A primeira fase vai até 2030 e deve resultar na restauração de 6 milhões de hectares de áreas prioritárias e capturar 1,65 bilhão de toneladas de carbono da atmosfera. Na segunda, até 2050, poderão ser investidos até R$ 153 bilhões, com participação do Fundo Clima, para restaurar 18 milhões de hectares. A estimativa do BNDES é de geração de até 10 milhões de empregos na Amazônia.

Números vistosos, em estimativas de áreas e cifrões, recheiam este programa que contempla uma necessidade ambiental e econômica. Para deslanchar, é preciso que os parceiros se apresentem a tempo e a hora e que haja articulação permanente. O climatologista Paulo Artaxo, que é membro titular da academia Brasileira de Ciências, em artigo publicado no portal da entidade, alertou que este esforço não substitui o compromisso de zerar o desmatamento. “Evidentemente a proposta só faz sentido se conseguirmos eliminar o desmatamento, pois não faz sentido desmatar de um lado e restaurar de outro”.

Artaxo, que também é professor da USP e membro do Painel Intergovernamental Sobre Mudanças Climáticas, defende uma ampla articulação entre ministérios, Embrapa, governos estaduais e municipais, universidades, iniciativa privada para que a proposta seja implementada e tenha impacto local. “Além de capturar carbono, precisa beneficiar as comunidades locais, a biodiversidade, integrar governos estaduais e municipais”.

Num desafio tão grande, a pesquisa deveria abrir frentes para desenvolver tecnologias de restauro ecológico com espécies nativas. Esta não é a prática consolidada de implantação de florestas plantadas, normalmente com uso de uma única espécie, como o eucalipto, por exemplo. E é necessário o envolvimento de universidades, fundações de pesquisa privadas, ONGs, viveiros, sem se esquecer dos povos tradicionais, indígenas, quilombolas, extrativistas, coletores, lavradores, trabalhadores rurais.

Outra recomendação de Paulo Artaxo é que o Brasil se articule com outros países detentores de florestas tropicais, como Congo, Indonésia, Peru, Bolívia, Colômbia e Equador para que eles sejam estimulados a adotar iniciativas semelhantes.

Hoje, no mundo, há exemplos de projetos de reflorestamento em grande escala que podem também inspirar o Brasil.

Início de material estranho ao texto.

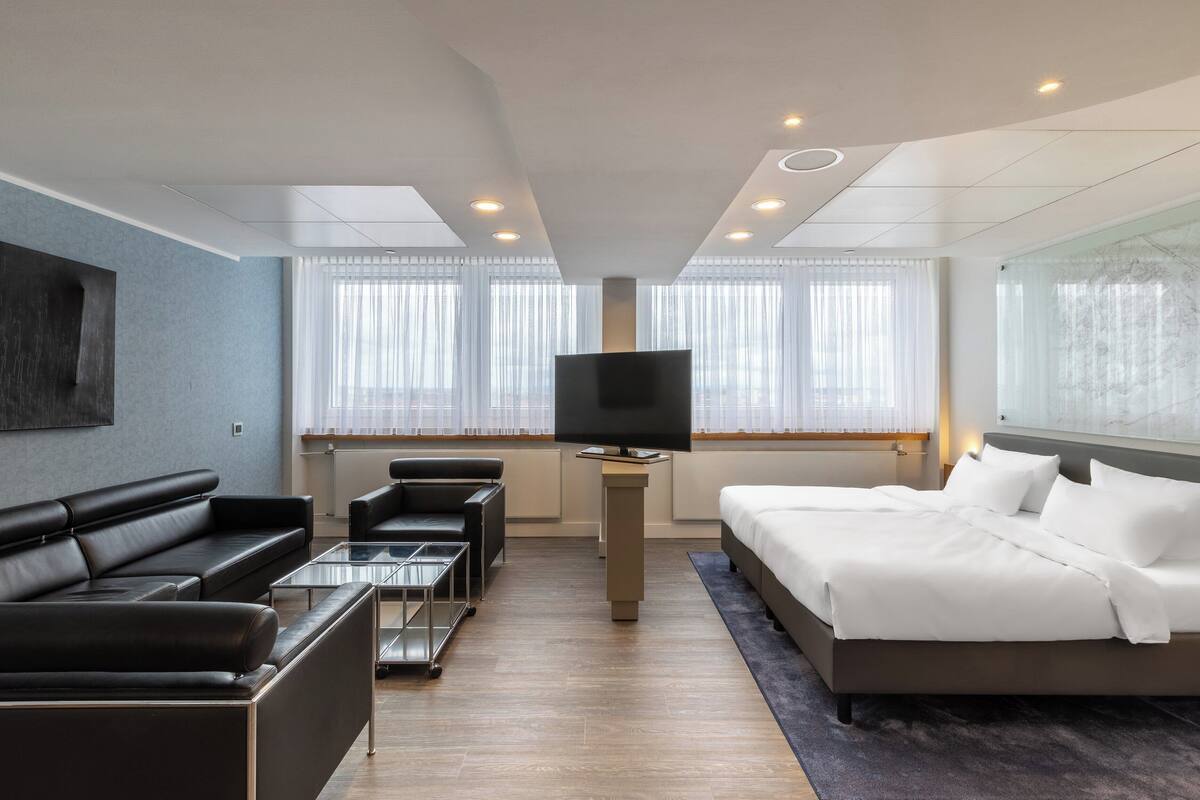 Una habitación de hotel moderna con una cama grande, un sofá, un televisor y un escritorio.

Um deles é o do Platô de Loess, na China. Esta região semi-árida no norte do país sofria os efeitos negativos de práticas danosas à preservação da água e do solo. Com apoio do Banco Mundial, o governo chinês ofereceu aos produtores o apoio técnico das boas práticas agrícolas e também incentivo financeiro para as mudanças. A cobertura florestal no país passou de 16,5% para 20,3% entre 1999 e 2010.

Na Costa Rica, o governo acabou com subsídios a atividades desmatadoras e adotou um sistema de pagamento por serviços ambientais pelo reflorestamento de áreas críticas . A cobertura florestal subiu de 40% para 50% em menos de duas décadas. A Coreia do Sul também adotou medidas de restauração e quase dobrou a área de florestas entre 1957 e 2007.O Níger, entre o deserto do Saara e as savanas africanas, investiu em agroflorestas para reverter o processo de desertificação em mais de 5 milhões de hectares.

E o Brasil deve ajudar o Senegal a superar as dificuldades na implantação de uma grande faixa de árvores para conter o avanço do deserto. Por falta de conhecimento técnico e baixa tecnificação, os senegaleses têm colhido frustração na iniciativa. A Embrapa Agrossilvipastoril, com sede em Sinop, deve contribuir com os conhecimentos sobre Integração Lavoura- Pecuária-Floresta e a Embrapa Semiárido com a tecnologia de barragens subterrâneas. Iniciado há 16 anos, o projeto da Grande Muralha Verde prevê  a criação de uma barreira de contenção do Deserto do Saara que deve cruzar a região norte do continente africano, de leste a oeste. Uma faixa de 8 mil km de extensão e 15 km de espessura de árvores.

Além de ajudar a cumprir as metas de redução das emissões de carbono, o Arco de Restauração pode se tornar um mobilizador de populações inteiras na defesa de que estas mudanças se concretizem. E que garantam um meio ambiente saudável a que todos têm direito de usufruir.